Uitspraak: Wijziging pensioenpremie mag niet, ondanks instemming OR

Mag de werkgever de pensioenpremie met instemming van de OR wijzigen in een premieverdeling werkgever/werknemer? (ECLI:NL:RBOBR:2015:3873 en PJ 2015/128)

Uitspraak Kantonrechter Den Bosch: Nee, het voorstel tot wijziging kan in het licht van alle omstandigheden van het geval niet als redelijk worden aangemerkt en aanvaarding van de wijziging kan in redelijkheid niet van de werknemer worden gevergd. Daaraan doet niet af dat de OR met de wijziging heeft ingestemd en dat blijkbaar een groot aantal werknemers heeft ingestemd met de wijziging, althans daartegen geen overwegende bezwaren heeft.

Situatie

NRF ontwikkelt, produceert en distribueert warmtewisselaars (radiateuren) en aanverwante producten. De pensioenpremie komt geheel voor rekening van de vennootschap. In december 2013 hebben NRF en de OR een principe akkoord gesloten m.b.t. het versoberen van arbeidsvoorwaarden, w.o. het wijzigen van de premievrije deelname aan het pensioen. De OR heeft een schriftelijke peiling gehouden om na te gaan of de medewerkers de resultaten van de afspraken accepteren. De meerderheid heeft ingestemd met het akkoord. NRF en de OR hebben in januari 2014 de Overeenkomst Aanpassing Arbeidsvoorwaarden ondertekend. Hierin staat dat de verdeling van de bijdrage in de pensioenpremie 66,66% door werkgever en 33,33 % door werknemer wordt, met een afbouwtermijn. De arbeidsvoorwaarden zijn hierop aangepast. De vorderingen van FNV en de werknemers strekken tot nakoming van de oude pensioenpremieverdeling.  

Kantonrechter

Partijen zijn het erover eens dat de afspraken van NRF met de OR de werknemers niet bindt.
Van een wijzigingsbeding ex art 7:613 BW is geen sprake. Het is dus de vraag of NRF de wijziging eenzijdig heeft mogen doorvoeren c.q. of de werknemers terecht geweigerd hebben die wijziging te accepteren.

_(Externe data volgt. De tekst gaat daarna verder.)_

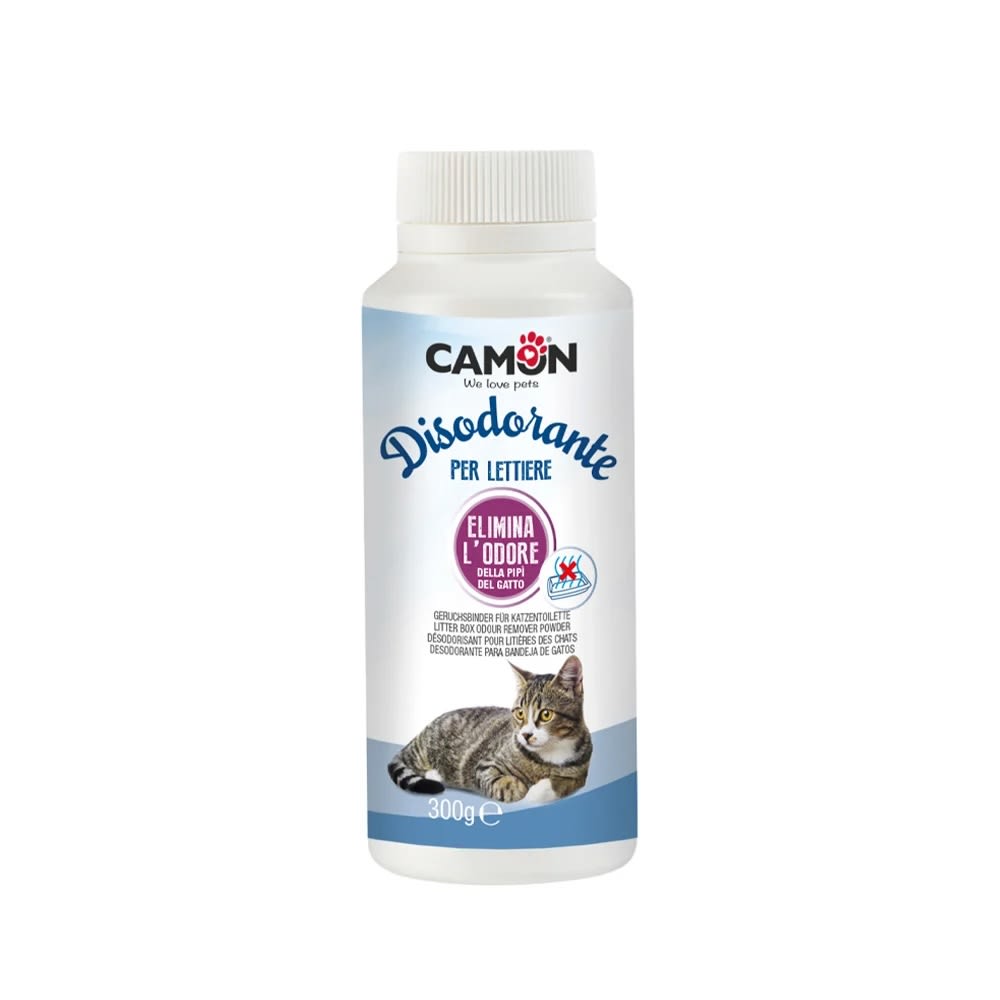 POLVO REMOVEDOR OLOR SANITARIO GATOS (300 GR)1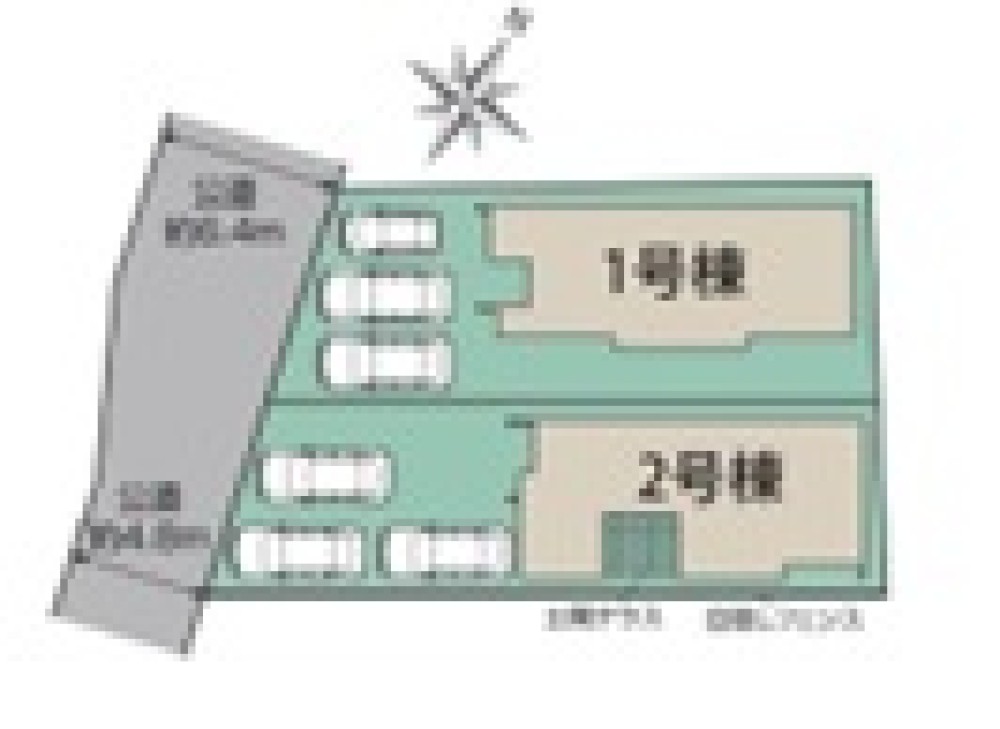 知多郡東浦町大字石浜字七平地　全2棟　2号棟 画像1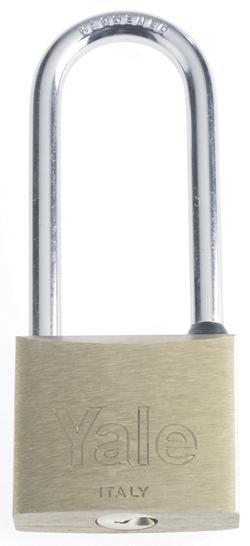 Lucchetto standard 50 mm arco lungo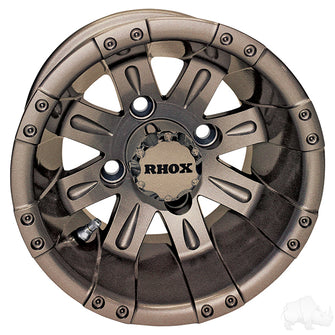 Lakeside Buggies RHOX Vegas, Halcyon, 10x7 ET-25- TIR-RX160-H Rhox Wheels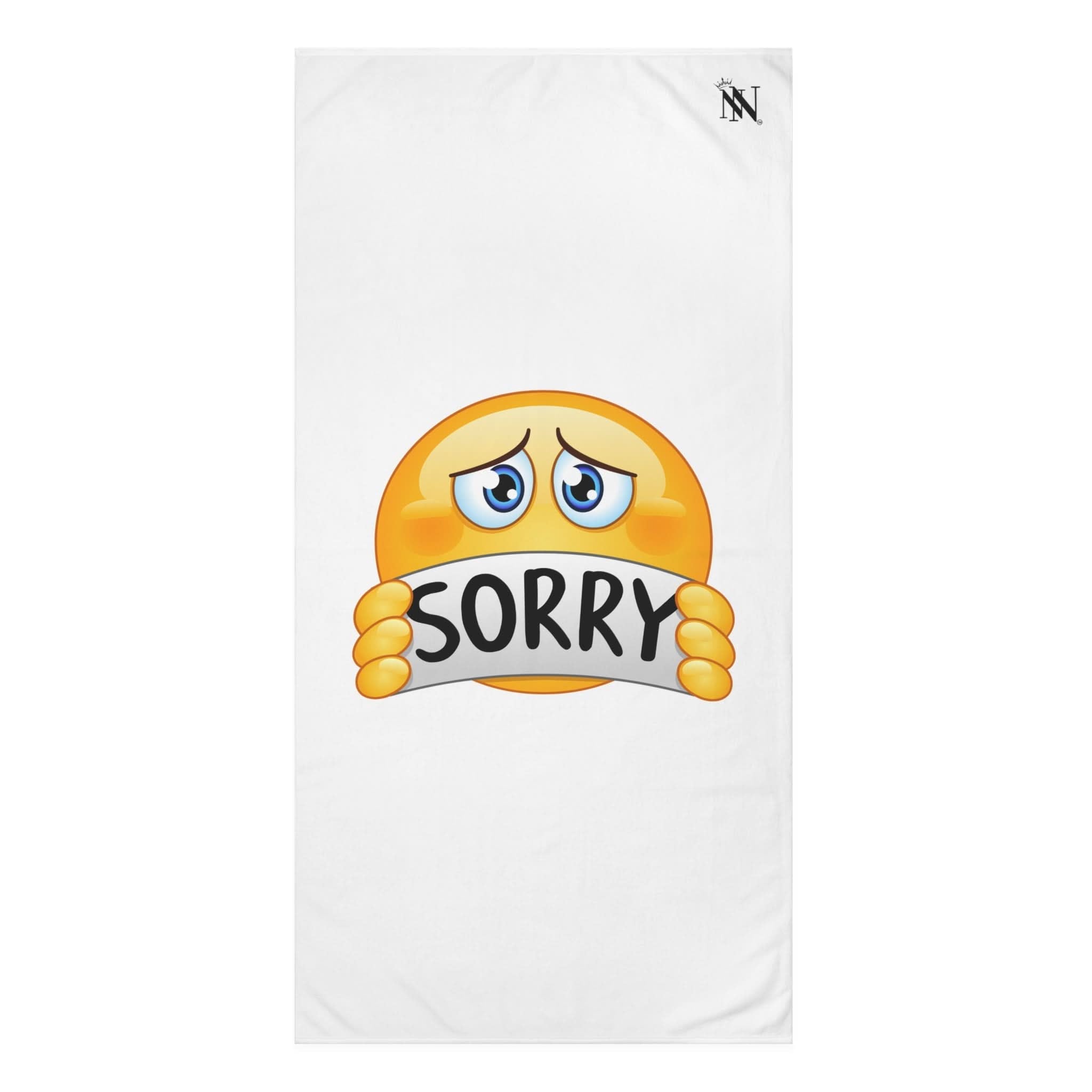 Sorry Emoji | Mix & Match Naughty XL Fun-Flirty Lovers’ Towels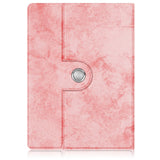 EIDERWOOD PocketBook InkPad Lite Leather Flip Cover m. 360 graders stativ og penneholder - rosa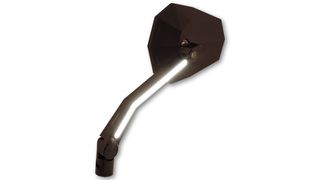 HIGHSIDER Mirror Stealth -X4 With LED Indicator & Position Light (Pair)-thumb-3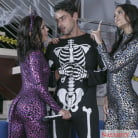 Abby Lee Brazil in 'Abby Lee Brazil and Adriana Chechik and Ryan Driller in 2 Chicks Same Time'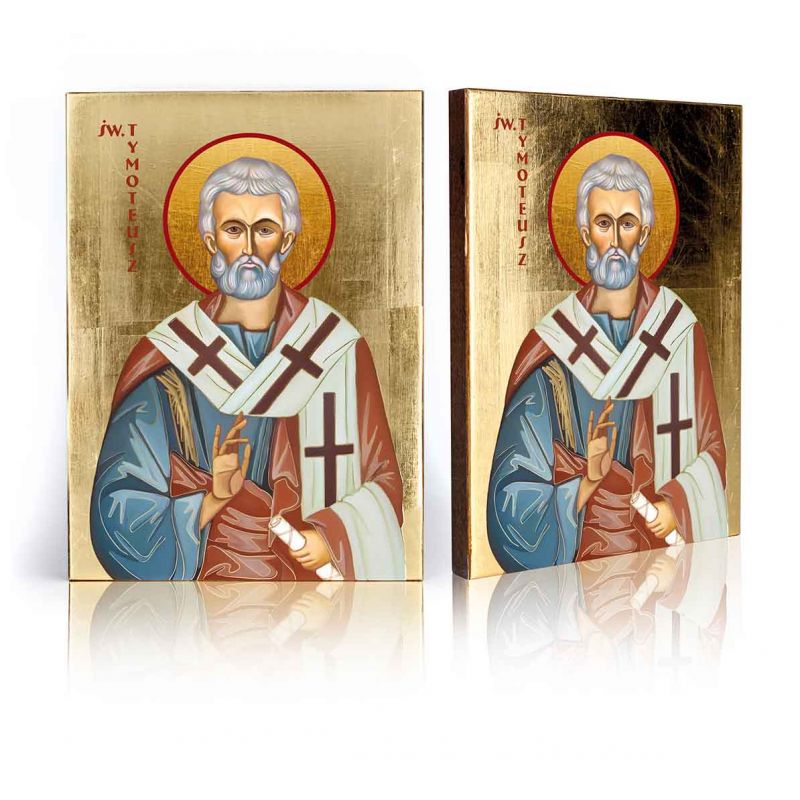 Ikona religijna święty Tymoteusz - Święci i Błogosławieni - Ikona religijna święty Tymoteusz
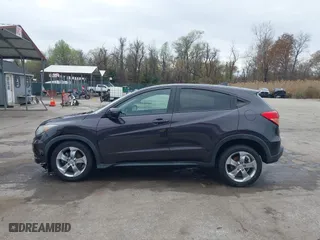 2016 Honda HR-V EX with VIN 3CZRU6H50GM767606, listed as a IAAI auction lot 41942651 with 143,332 mi miles. Bid and sale history available at carsss.com. Image 14.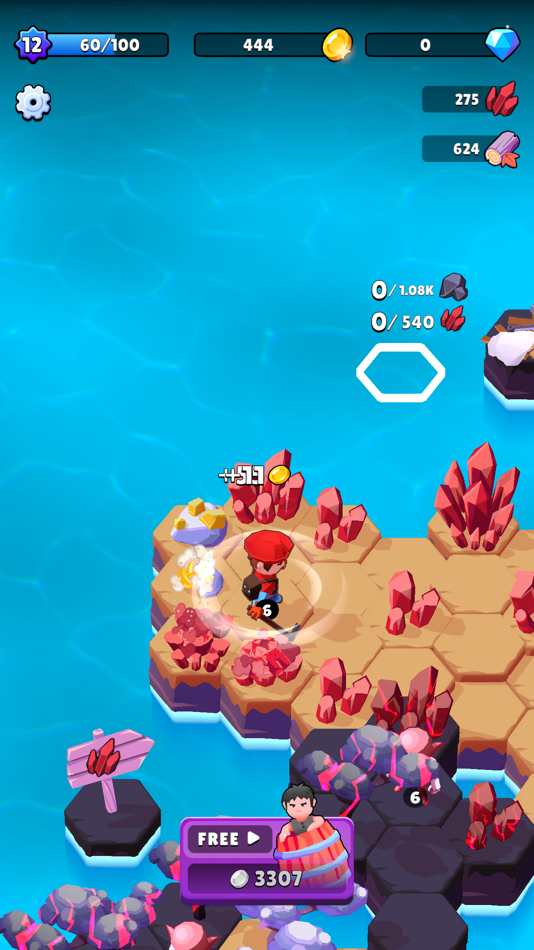 #6. Merge and Expand (iOS) Bởi: YALP GAMES LLC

De Ktr ziet gelet op de rechtspraak geen aanleiding een andere maatstaf aan te leggen dan die in het Stoof/Mammoet-arrest (HR 11 juli 2008 ECLI:NL:HR:2008:BD1847)  (zoals NRF voorstaat). Materieel zal deze toets niet anders uitvallen dan de door FNV c.s. gewenste toets aan art 6:248 lid 2 BW. Er moet een antwoord worden gevonden op de vragen:
-of er sprake is van gewijzigde omstandigheden die voor NRF reden kunnen zijn wijziging van de overeenkomst voor te stellen;
-of het voorstel tot wijziging in het licht van alle omstandigheden van het geval redelijk is;
-en of aanvaarding van de wijziging in redelijkheid van de werknemer kan worden gevergd.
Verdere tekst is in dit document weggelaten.